This sort of thing drives me to despair. Go look at that chart. How can you begin to pretend that those categories are mutually exclusive? They aren’t even remotely, as even the snippet of the post I’ve provided demonstrates, and you’ll see even more proof if you read it in its entirety. So what is the point of engaging in the pretense of quantification when the explanatory variables are not at all discrete drivers?

And what should really get you skeptical is the vague term “technology”. What does that mean? Is a new drug “technology”? Even if so, what about all the new drugs (via FDA classification as “new drug applications”) that are merely exercises in intellectual property rent seeking? The overwhelming majority of NDAs (I’ve seen estimates of 88%) are not new drugs at all but merely minor reformulations, like an extended release version, that allow patent life to be extended and for price increases (the “new” version is pushed hard to doctors and always priced higher than the existing version).

But we don’t even have to get that granular. It turns out that “technology” is the error bar, all of the “not explained otherwise” factors. No, I am not making that up. From the 2009 Health Affairs paper cited above:

The conclusion that technological change explains much of the growth rests on a macroeconomic approach that seeks to estimate the contribution of known factors to health spending growth and assumes that most of the unexplained residual growth is attributable to technology.

Go look back and look at the chart again. How much faith can you put in an analysis where far and away the biggest single factor, in most cases accounting for roughly 50% of the total, is what you can’t otherwise explain? And worse, the researchers call it “technology” which makes it sound virtuous!

Let me give you a different picture of “technology” in medicine. I get annual physicals and an annual eye exam. Annual physicals are actually considered to be a waste of money but it is a tolling device for my doctor. I have one prescription (trivial and and old, cheap, medication) and prescriptions in pretty much all states are only valid for a year. So even though my dosage has been stable for years, and I could just get a simple blood test and maybe have a routine doctor visit associated with renewing the prescription, I have to go through the annual exam routine. By contrast, in Australia in the early 2000s, you could call your doctor for a prescription. Most of the time, if you were an established patient, they’d talk to you on the phone and issue it. They’d send you to a lab if they thought they needed to see bloodwork. The charge then was $A15. Cheaper and much less of a hassle for the patient (and also note Australian doctors are not as med happy as Americans; their response with a lot of conditions was “let’s wait and see” rather than running in to intervene).

While that sort of thing is sadly routine, it’s minor compared to my eye exam drill. All I really need annually is a glaucoma test (since my grandfather went blind from it, getting a test annually is warranted in my case) and a refraction test to see if I need my prescription changed (Getting an eye dilation test for them to look at the back of the eyeball is not a bad idea but I skip it as many years as possible since I can’t afford to not be able to read for four plus hours afterward). But I am put through a monster raft of tests, all with super fancy and I am sure super pricey equipment.

So as much as the MD annual exam drill bothers me, the upcharge from a regular office visit is only $75, and the rack rate is $250, since I refuse to get an EKG (not warranted in my case). So that is really not that bad. By contrast, the rack rate for my annual eye exam is $950, and that is with my skipping the dilation test. I can’t believe all these tests are necessary, but unlike my MD visit, where I know an EKG is not warranted and I can refuse it (and I don’t get any grief), I have no idea what all of these crazy eye tests are for and therefore am in no position to object to some of them.

Now is my eye doctor exploiting me? Exploiting my insurer? My insurer clearly does not think so; they always pay for all the tests (including the refraction, which is unusual). But this anecdote demonstrates that what is called “technology” looks to be in very large measure a US bias towards overtreatment. For instance, hardly any US doctors act the way one of my orthopedists did. I called his office to schedule an appointment because I thought I had broken my little toe. The doctor got on the phone and said: “Don’t bother coming in. Tape your little toe to the next toe and wear flats.”

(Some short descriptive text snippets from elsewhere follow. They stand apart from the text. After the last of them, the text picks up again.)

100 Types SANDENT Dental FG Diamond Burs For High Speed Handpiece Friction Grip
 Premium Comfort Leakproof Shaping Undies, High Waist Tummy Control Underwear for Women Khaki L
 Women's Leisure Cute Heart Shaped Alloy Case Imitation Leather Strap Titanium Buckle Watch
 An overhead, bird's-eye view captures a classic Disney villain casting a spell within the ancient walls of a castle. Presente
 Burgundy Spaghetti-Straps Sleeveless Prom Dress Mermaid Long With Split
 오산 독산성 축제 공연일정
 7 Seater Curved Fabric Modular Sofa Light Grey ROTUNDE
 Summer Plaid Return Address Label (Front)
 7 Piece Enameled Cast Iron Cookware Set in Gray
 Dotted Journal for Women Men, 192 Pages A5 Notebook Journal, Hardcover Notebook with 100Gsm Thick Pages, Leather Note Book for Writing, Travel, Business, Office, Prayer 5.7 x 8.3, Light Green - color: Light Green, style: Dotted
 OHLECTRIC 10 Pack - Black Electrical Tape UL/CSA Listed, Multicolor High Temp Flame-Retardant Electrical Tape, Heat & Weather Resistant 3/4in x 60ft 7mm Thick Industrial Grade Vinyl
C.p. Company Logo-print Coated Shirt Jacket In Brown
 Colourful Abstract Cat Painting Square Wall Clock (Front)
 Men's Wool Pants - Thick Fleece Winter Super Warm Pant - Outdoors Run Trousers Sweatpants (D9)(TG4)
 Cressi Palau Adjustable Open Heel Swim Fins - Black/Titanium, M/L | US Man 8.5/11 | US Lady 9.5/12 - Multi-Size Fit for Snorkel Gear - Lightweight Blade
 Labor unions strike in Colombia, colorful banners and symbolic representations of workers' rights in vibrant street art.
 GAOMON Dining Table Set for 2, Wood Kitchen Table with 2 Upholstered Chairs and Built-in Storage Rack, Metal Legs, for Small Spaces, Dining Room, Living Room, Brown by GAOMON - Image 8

The real issue is that health care in general, and US health care in particular, is a classic example of market failure. As we wrote in 2007, using a then-new book by Maggie Mahar, Money-Driven Medicine, as a point of departure:

The reason that [Tyler] Cowen supports Mahar’s assessment is that she explains why health care has failed in terms an economist can appreciate: she shows why the market has failed. One big culprit is information asymmetry. One of the conditions for a market to function well is that buyers and sellers have perfect information. In the medical arena, there is often a lack of good data as to what constitutes optimal practice. Among the many examples are the backing and forthing on hormone replacement therapy and mammograms. Now condiser: these treatments have been the subject of multiple large scale studies. Most protocols haven’t been investigated this intensely. And even when there is good information, the patient is at the mercy of his medical providers, the drug companies, and device makers. He can’t challenge their views; his best hope is to shop for a better practitioner, which is a costly, time consuming, and deeply flawed process (how can he judge whether a doctor is making sound recommendations?).

The other major element of market failure is the considerable disparity in buyer and seller power. If you are very sick, you will do anything to get better, which includes spending a lot of money. And our can-do, technology-loving culture favors doing more, whether beneficial or not.

From Cowen:

The book has the most coherent, supportable, and fleshed out anti-market story I’ve seen. It both tries to explain why the current system works as it does, and historically how it evolved from more modest and less expensive ways of doing business. It’s not just a rehash of the usual stories about the VA system or France. The discussions of the growth of for-profit hospitals, the increasing specialization of medicine, the problems with pay for performance, and markets for medical devices are all full of interesting tales.

I interpret the basic story as this: the American health care cost spiral comes from suppliers and their entrepreneurial abilities to market expensive and highly specialized services of dubious medical efficacy. Medical care starts off as ambiguous in value and hard to measure in quality. Customers are cowed by doctors and other family members into accepting or even demanding what is offered to them. Third-party payments make the problem worse, and government intervention has stoked rather than checked the basic dynamic. You end up with massive expenses, lots of stupidity, and – because of its expense — radically incomplete coverage. Every now and then the extra services do pay off, but not frequently enough to boost American stats on health care quality.

In other words, when you hear “technology” invoked as the reason for health care cost increases, recognize that in large measure this is really code for “bad incentives plus new and improved snake oil salesmanship.” While some medical treatments are powerful and beneficial, too many are low efficacy, or cutting-edge whiz-bang with only marginal at best improvements over older, cheaper methods. It’s hard for doctors to opt out of this Gresham’s dynamic; patients are conditioned to expect too much, and to see more treatment as better treatment. But the biggest crime is that Obama had a once in a generation opportunity to remedy these problems. Instead, he doubled down on the failed, high cost, market driven model.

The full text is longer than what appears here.